Oggi, grazie al loro software moderno, nel giro di pochi minuti, i planetari possono visualizzare in cupola scoperte appena fatte. I centri di ricerca mondiale - Nasa, Esa, Eso - rilasciano dati con un protocollo condiviso con tutti i planetari

Con risorse economiche illimitate cosa potrebbe diventare il planetario? 

"Un luogo di massima sperimentazione. Se ci fossero risorse illimitate il planetario potrebbe diventare un laboratorio aperto a chiunque, non solo un luogo di divulgazione della scienza ma anche una piattaforma di produzione di contenuti originali, che al momento possiamo solo sognare. All'estero esperienze di questo tipo già esistono". 
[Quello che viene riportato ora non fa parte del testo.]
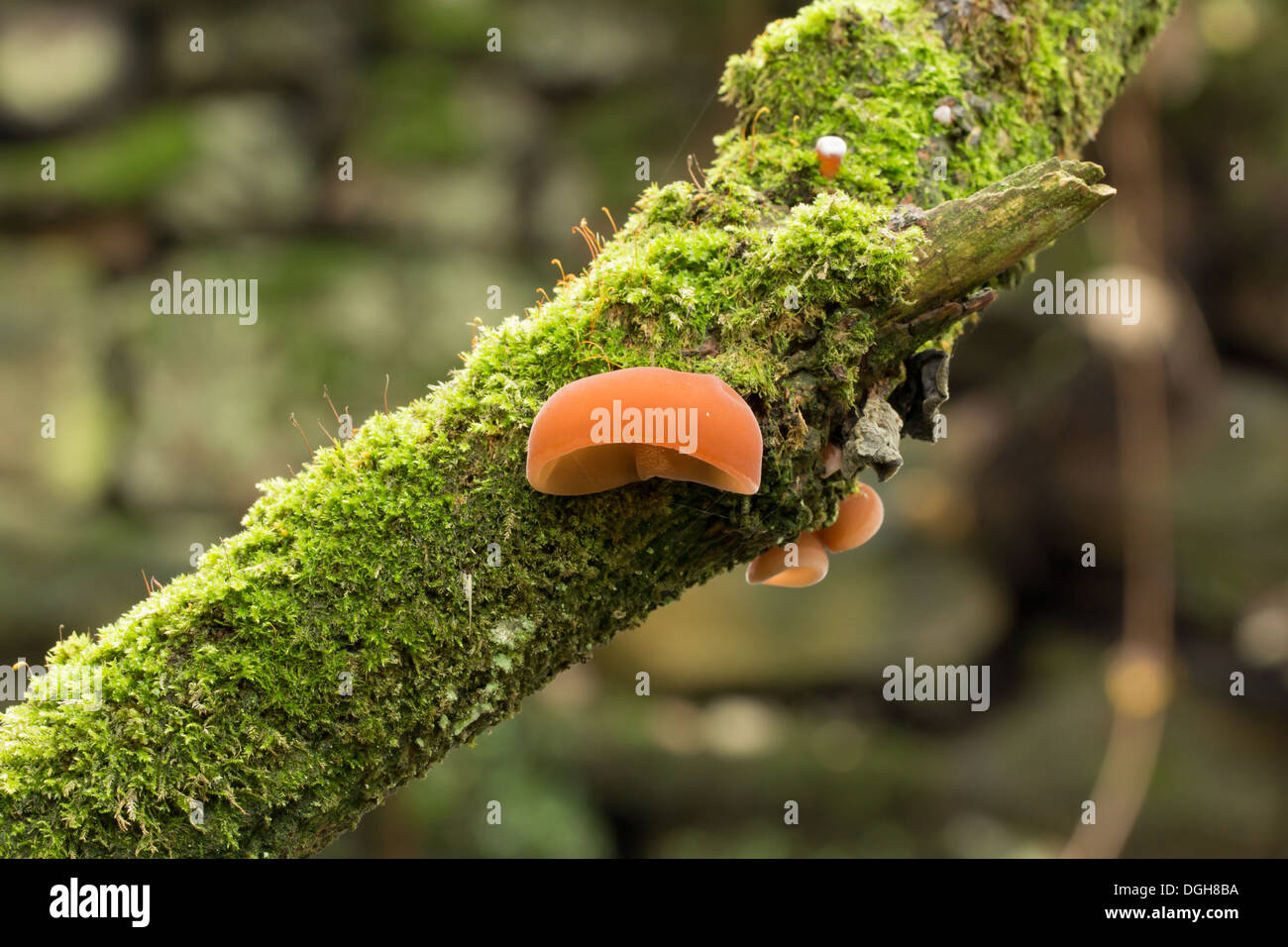 Oreille gelée Auricularia auricula-judae champignons croissant sur une branche surplombant la rivière dans la vallée de Rivelin Rivelin, Sheffield Banque D'Images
Per concludere, quali sono i suoi planetari preferiti in Italia e nel mondo?

"Da circa un mese, a Las Vegas, è stato inaugurato The Sphere, una struttura da quasi ventimila posti, una sorta di stadio sopra il quale c'è una cupola. Quella struttura viene utilizzata per fare spettacolo. Vorrei visitarla solo per curiosità, non perché rilevante come strumento di divulgazione. Gigante e luminosa, la cupola porta all'eccellenza l'immersività propria dei planetari ma purtroppo non fa divulgazione: ha accolto il concerto degli U2 ma, ahimè, non è pensata per un viaggio tra le stelle. Ma per rispondere alla domanda, per quanto riguarda i planetari, mi piacciono quelli giapponesi: in Giappone ce ne sono 400, quasi tutti bellissimi e molto frequentati. In Italia, oltre a quello di Padova, a cui sono profondamente legato, amo il Planetario di Milano: conserva un sapore antico, di una volta, è meccanico, non ancora aggiornato al digitale, è molto grande e da tanti anni è gestito da persone molto competenti. Profuma di romantico".